Tuesday, October 29, 2013

Coming Home, Michigan Version

When I first read of our assignment, based on Charline von Heyl's epiphany in Marfa, my first thought was, Bad timing! In a few weeks, I am taking my first trip to Montana. I wanted a glamorous, super-charged outdoorsy setting in which to "see nothing" too. Something like this:



Well, ha! I spent the weekend instead in suburban Detroit, where my cousin was getting married. Not only was it a typically bitter, gray day in Detroit but even my location there, about a half-hour from the idyllic, leafy neighborhoods of my youth, was an aesthetic bummer. A condo development of repetitive blandness that looks like this:



Talk about nothing to see. Even the garden at this home, usually a riot of color and creativity, was a vision of cut-down depression in anticipation of cold, sunless winter:


The last thing I wanted to do was start poking around this uninspired landscape in the Arctic cold. Then, the Charline von Heyl thing started happening. The cold invigorated me. So did the mere fact, as is typical for me, of being outside. I hadn't been in Michigan during autumn in years, and I started to remember, visually and aromatically, my home state's omnipresent natural wonder (among, admittedly, some fairly dreary development). The casual splendor of trees like this, for example:



I found pinecones so freshly fallen that the sap clustered all over my hands, leaving such a distinct pine scent that I felt transported, first to my school's nature center where we tapped trees each fall for syrup, and then to my childhood home where my brothers and I spent all of our time in the wooded ravine out back, no matter the season. The ground on which I ran, hid, fooled around, buried various dead critters in bizarre takes on Jewish funerals, it looked, smelled and crunched under my feet just like this backyard did:


Soon, everything looked amazing. A cluster of brittle twigs like a sea urchin:


A starburst of fallen trees whose single arcing branch transforms the thing into a hideout:

A hole that reminds me of Lee Bontecou, sigh:



Naturally, as I looked deliberately at the rich foliage of spring and summer dead on the ground, in picturesque heaps in advance of next year's bounty, thoughts of the cycle of life took over. This is when things get heavy.

I circle to the front of the condo, inexplicably really, since I no longer want to be indoors. Outside is free and fresh. I am cherishing being outside at home, a luxury that does not exist for me in Manhattan.

I come upon this little totem thing:



I have no idea why it is there, what my host means by it. I have seen it at this home many times, and I always think of it condescendingly as a white person's attempt to do something Japanesey, even though I have no idea whether the Japanese do anything like this in their gardens. This time -- because I am looking so closely at nothing! -- I see a companion to the Jewish cemetery ritual of placing a stone on the tombstone of a loved one. It's a ritual I look upon fondly even though I believe burial sucks.

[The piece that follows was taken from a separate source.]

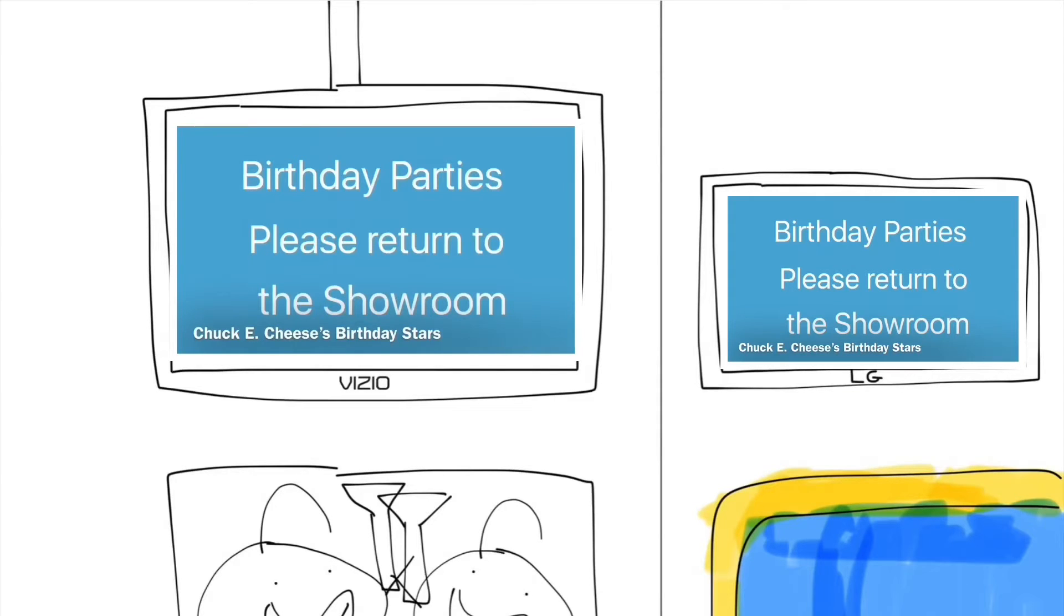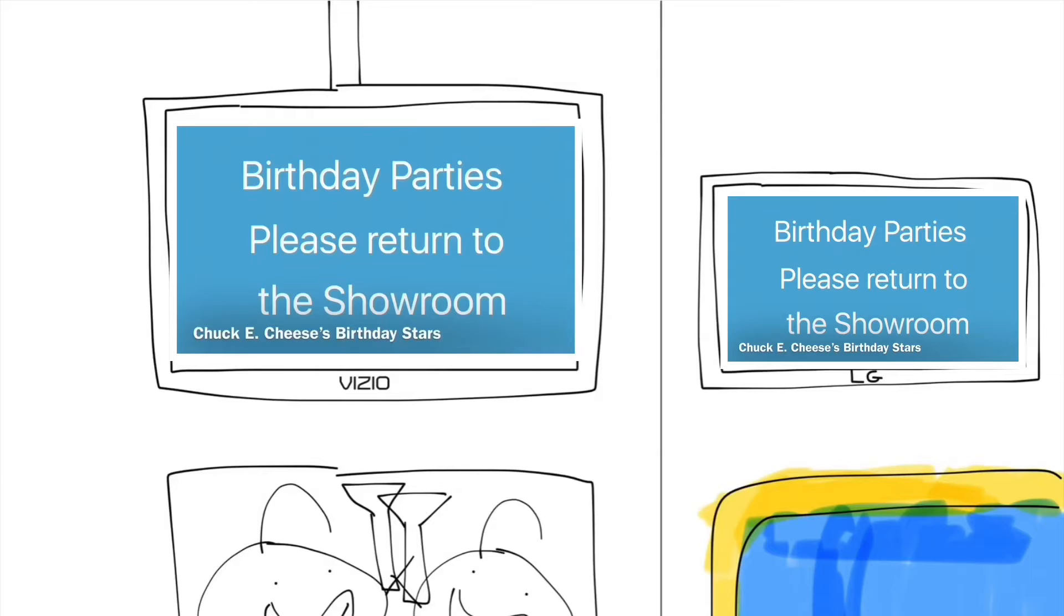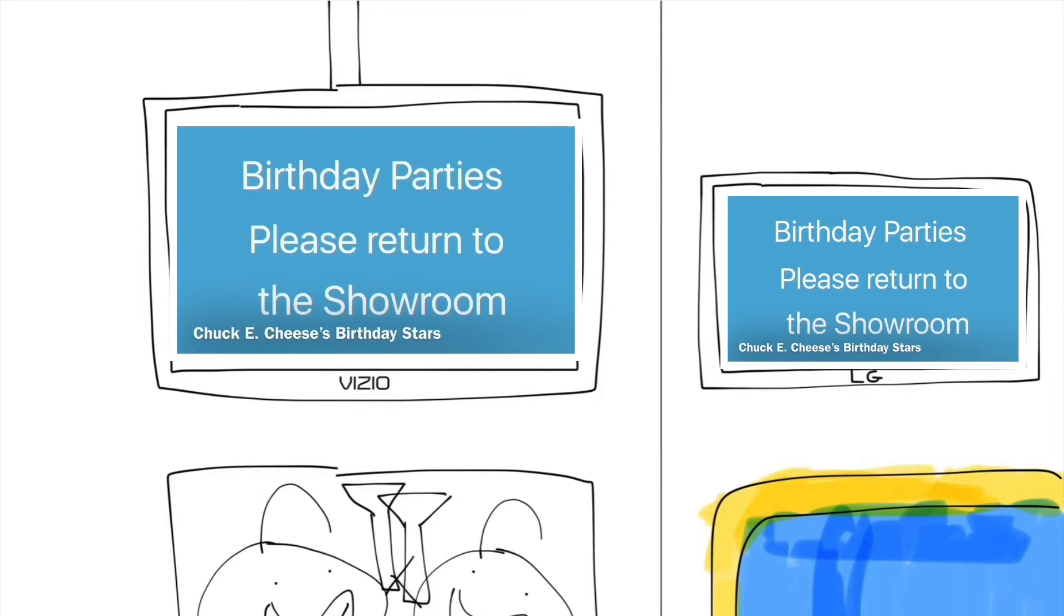Ladies and gentlemen, boys and girls, it's time for our birthday parties to return to the showroom. Food and festivities will begin shortly. Birthday parties, please return to the showroom. Chuck E. Cheese will be joining you shortly. All birthday party guests, please return to your tables in the showroom. Thank you.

I think of my brother, whose grave I only visit when I am at another funeral or unveiling at the same cemetery. I hate going there, seeing how he is dead in a box in the ground, a teenager who must be bored to death - ha! - surrounded by old people from our family (although I would wager that my dad's arrival made things better for my brother, though worse for me). I don't cry, I just think of him, grateful that this assignment made me do so in the context of nature, the outdoors and art, while I am alone. Grateful also that my own post-life instructions comprise the anti-Jewish rite of cremation, organ donation and a ceremonial scattering of whatever bits are left in the waters off Tel Aviv Beach. (You have probably thought of these things, too, if you, like me, have lost 40 percent of your immediate family by this point.)

That evening, I go to my cousin's wedding, the whole point of my trip. There is so much to see.
Isn't that leopard tail something else? The party was packed with bandage dresses, aggressive eye makeup and ironed-down hair, an attempt to control Jewfros run amuck. I reprised my role, taken up at my cousin's sister's wedding, of underground paparazzo.

Amid all the distraction, a family friend came to find me. Her sons were friends of my brother's in Hebrew school, which means they got in lots of trouble together (that's what it means for all good Jews). She told me that her sons, all these years later, still speak of my brother. As if on cue, they walked over and told me a story. I cried, grateful that my totally awesome brother hasn't been forgotten.

So where does that leave me? Besides really off-track? I brought home three fragrant pinecones and a pile of red leaves.




I am going to document their decline as a reminder that a project about my brother is long overdue.